** DATA BLOCK follows **

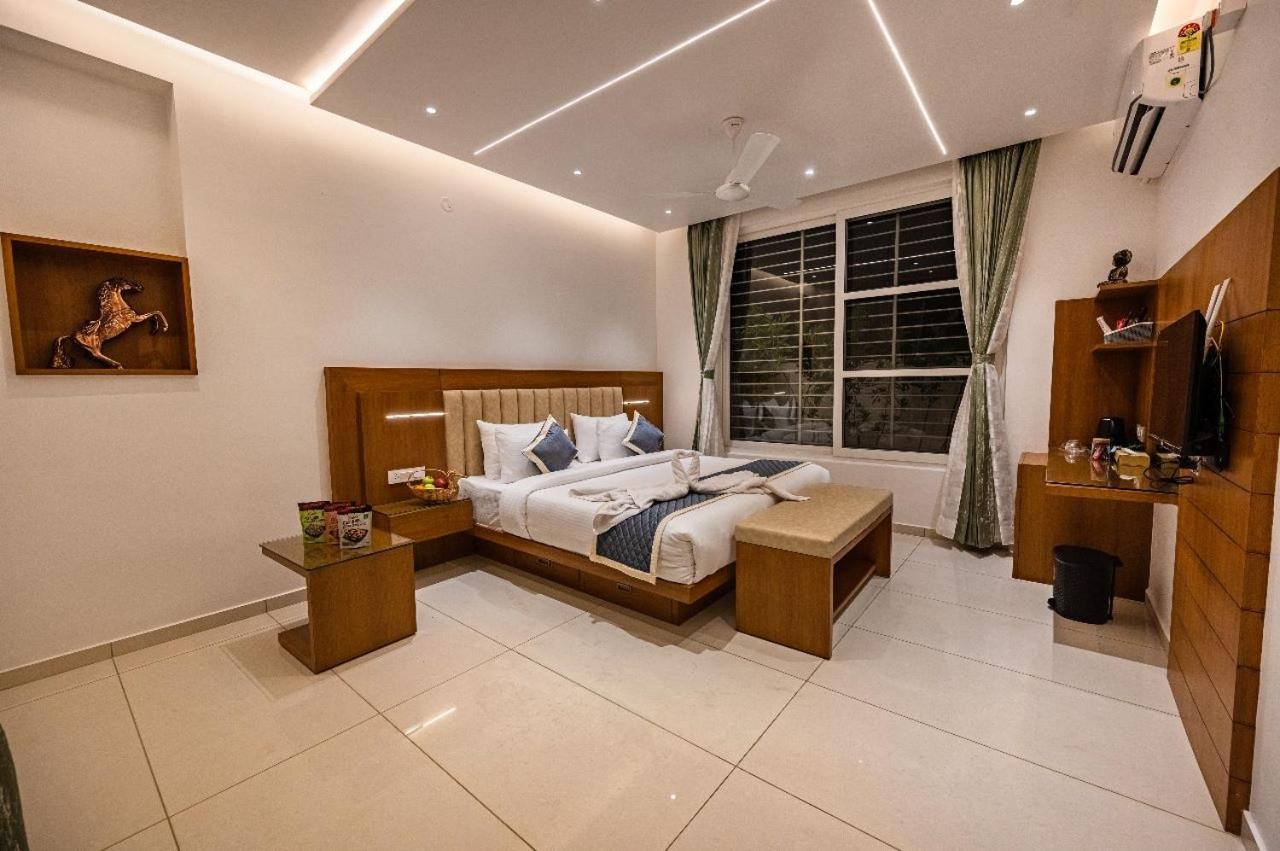 S R Luxury Lodge *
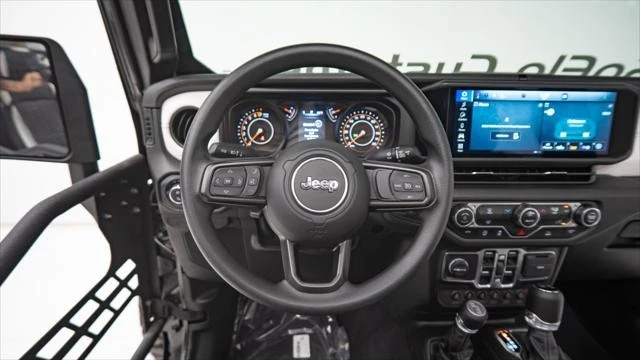 2025 Jeep JT Gladiator - Image 15 of 21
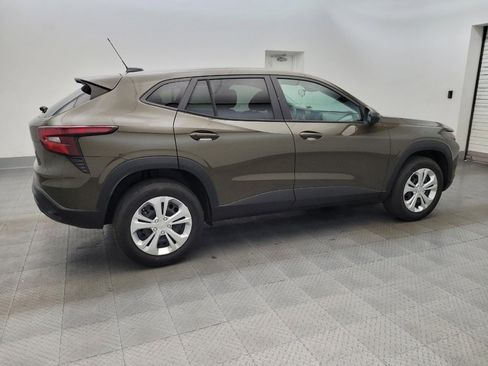 Used 2024 Chevrolet Trax LS FWD image 10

** End of DATA BLOCK **

▶ WHAT IS EXPECTED:
Please print the data above once more, exactly and without images.

▶ EXERCISE SOLUTION:
 S R Luxury Lodge *
 2025 Jeep JT Gladiator - Image 15 of 21
 Used 2024 Chevrolet Trax LS FWD image 10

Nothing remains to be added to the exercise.